De Gaulle : le mentor des massacres oubliés
Appeler à suivre l’exemple de de Gaulle, c’est oublier que sous son règne, des milliers d’Algériens ont été assassinés, déportés ou torturés dans l’indifférence morale qui sied si bien à la République française. C’est ce même de Gaulle qui prétendait tendre la main tout en envoyant les paras écraser des villes entières sous les bottes militaires. Alors, Jean-Pierre, avant de dispenser tes leçons de liberté, commence par réviser l’Histoire de ton propre pays. L’Élysée, en matière de pratiques liberticides, a toujours su se montrer très inspiré.
Sansal, Voltaire ? Laissez les morts en paix.
Un infâme comme Sansal est ici comparé à un autre infâme écrivain du siècle des Lumières, en l’occurrence Voltaire, dont voici un petit aperçu de ses nobles pensées :
“Nous n’achetons des esclaves domestiques que chez les Nègres ; on nous reproche ce commerce. Un peuple qui trafique de ses enfants est encore plus condamnable que l’acheteur. Ce négoce démontre notre supériorité ; celui qui se donne un maître était né pour en avoir.” (tome 8, page 187)

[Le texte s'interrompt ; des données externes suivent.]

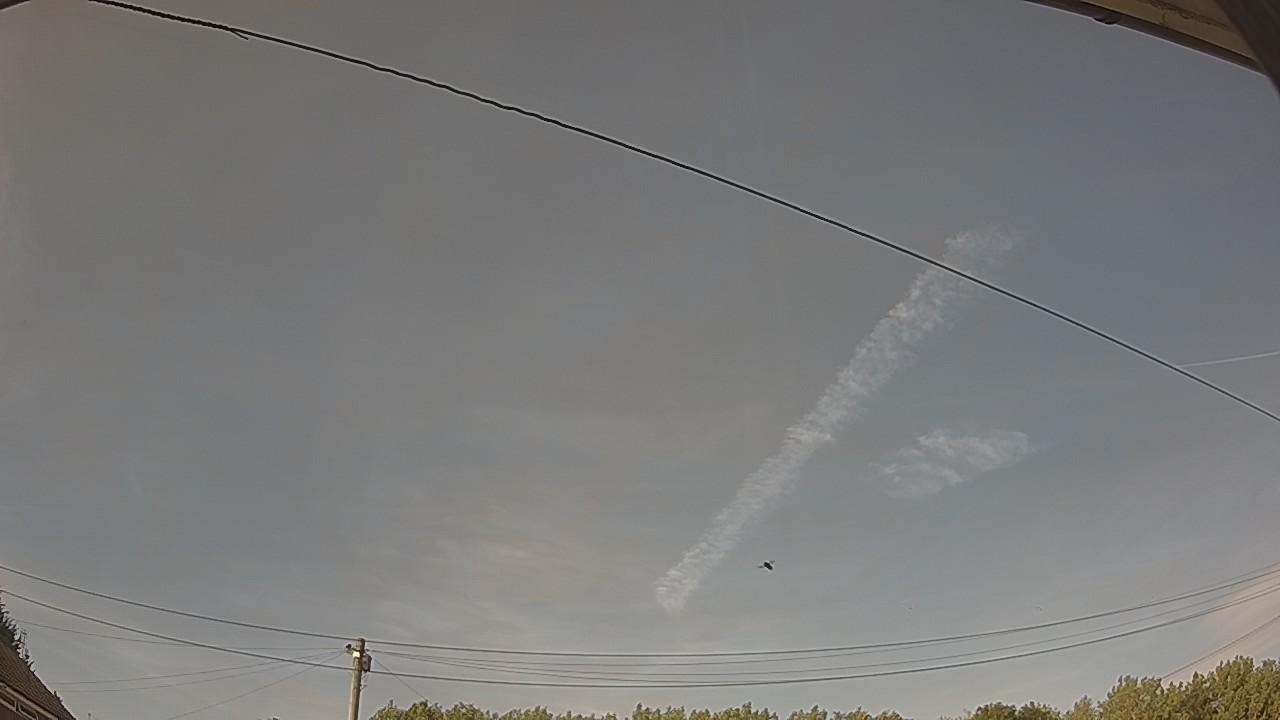 20260723_171032_cam2.jpg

Mais meme avec des lunettes miopes, comparer Boualem Sansal à Voltaire, c’est oser mettre une brosse à chiottes au même niveau qu’une plume de calligraphie. Désolé, mais la posture de “libérateur des peuples opprimés” que tente d’endosser Sansal, c’est un costume taillé dans du tissu de pacotille. Voltaire, au moins, avait le panache d’écrire des pamphlets qui dérangeaient réellement les puissants, pas des tribunes bidons servant de justificatif pour les dîner mondains parisiens.
Et puis, si Voltaire avait un credo, c’était “Écrasez l’infâme”. Alors, qui est l’infâme ici ? Un écrivain qui surfe sur le fantasme français d’une Algérie dévoyée pour amuser les salons littéraires ? Ou la classe politique française, toujours prompte à jouer les vierges effarouchées dès qu’un pays anciennement colonisé ose ne pas suivre ses ordres ?
Chevènement, Sartre et Sansal : une blague qui dure trop longtemps
Ce tweet de Chevènement, c’est un condensé de grotesque, où se mêlent dans un même élan dérisoire de Gaulle, Sartre et Sansal. L’écrivain fictif aurait dû faire son apparition, pour jouer les figurants de la grande comédie des lumières préfabriquées. Et pendant ce temps, Jean-Pierre divague, oubliant que de Gaulle méprisait Sartre et que Voltaire, lui, aurait probablement trouvé tout cela particulièrement pitoyable.
Mémoires d’outre-tombe de Chevènement : un spectacle pathétique
Alors, Jean-Pierre, on ne va pas t’en vouloir. On sait bien que l’âge n’aide pas à garder les idées claires, mais de là à confondre des époques, des hommes et des idées avec la légèreté d’un twitto sous Tranxène, il y a des limites. Un conseil : range ton clavier et regarde Des chiffres et des lettres. Au moins, là-bas, personne ne risque de te demander de comprendre l’Histoire.
Et pendant que Chevènement continue d’essayer d’enseigner la morale à l’Algérie, celle-ci continue d’écrire sa propre histoire, loin des délires d’un vieux fonctionnaire qui croit encore qu’on peut parler aux Algériens comme on parlait à des sujets en 1955. Bref, Jean-Pierre, va boire ton café, relis tes notes, et surtout, évite de tweeter avant la sieste.